>>>>>
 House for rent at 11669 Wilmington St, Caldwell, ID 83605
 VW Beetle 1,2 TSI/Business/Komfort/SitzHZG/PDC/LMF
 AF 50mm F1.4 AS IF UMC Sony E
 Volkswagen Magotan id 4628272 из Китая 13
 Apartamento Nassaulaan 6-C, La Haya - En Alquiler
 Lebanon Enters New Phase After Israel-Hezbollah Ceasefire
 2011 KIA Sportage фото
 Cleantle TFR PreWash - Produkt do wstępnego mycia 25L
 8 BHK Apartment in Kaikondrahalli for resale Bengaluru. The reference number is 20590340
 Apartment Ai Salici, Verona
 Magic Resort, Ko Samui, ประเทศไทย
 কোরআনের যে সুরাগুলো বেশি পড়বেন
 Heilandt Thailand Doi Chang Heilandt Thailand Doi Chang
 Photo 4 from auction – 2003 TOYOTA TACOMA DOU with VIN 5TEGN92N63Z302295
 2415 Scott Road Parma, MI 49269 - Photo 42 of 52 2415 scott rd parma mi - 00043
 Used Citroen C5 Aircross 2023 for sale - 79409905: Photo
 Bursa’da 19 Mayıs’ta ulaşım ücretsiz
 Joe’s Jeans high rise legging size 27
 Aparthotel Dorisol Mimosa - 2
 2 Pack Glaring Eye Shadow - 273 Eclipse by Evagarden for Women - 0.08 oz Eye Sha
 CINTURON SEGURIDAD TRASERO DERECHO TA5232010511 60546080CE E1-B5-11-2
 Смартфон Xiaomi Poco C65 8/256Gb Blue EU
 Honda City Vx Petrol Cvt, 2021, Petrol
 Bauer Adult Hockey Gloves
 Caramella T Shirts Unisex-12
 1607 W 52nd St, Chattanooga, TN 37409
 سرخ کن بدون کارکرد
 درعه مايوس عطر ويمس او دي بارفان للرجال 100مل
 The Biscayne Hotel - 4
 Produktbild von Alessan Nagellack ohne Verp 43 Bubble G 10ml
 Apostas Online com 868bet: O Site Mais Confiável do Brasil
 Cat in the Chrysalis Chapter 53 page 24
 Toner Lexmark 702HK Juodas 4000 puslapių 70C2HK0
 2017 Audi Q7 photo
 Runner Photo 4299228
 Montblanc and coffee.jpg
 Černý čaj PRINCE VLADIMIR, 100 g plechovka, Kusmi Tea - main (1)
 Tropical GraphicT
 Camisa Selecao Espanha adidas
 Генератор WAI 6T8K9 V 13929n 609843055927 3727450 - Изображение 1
<<<<<
→ **Problem requirements**
Note every line of the records that holds the word "Apartment", and copy it.

→ **Exercise answer**
 8 BHK Apartment in Kaikondrahalli for resale Bengaluru. The reference number is 20590340
 Apartment Ai Salici, Verona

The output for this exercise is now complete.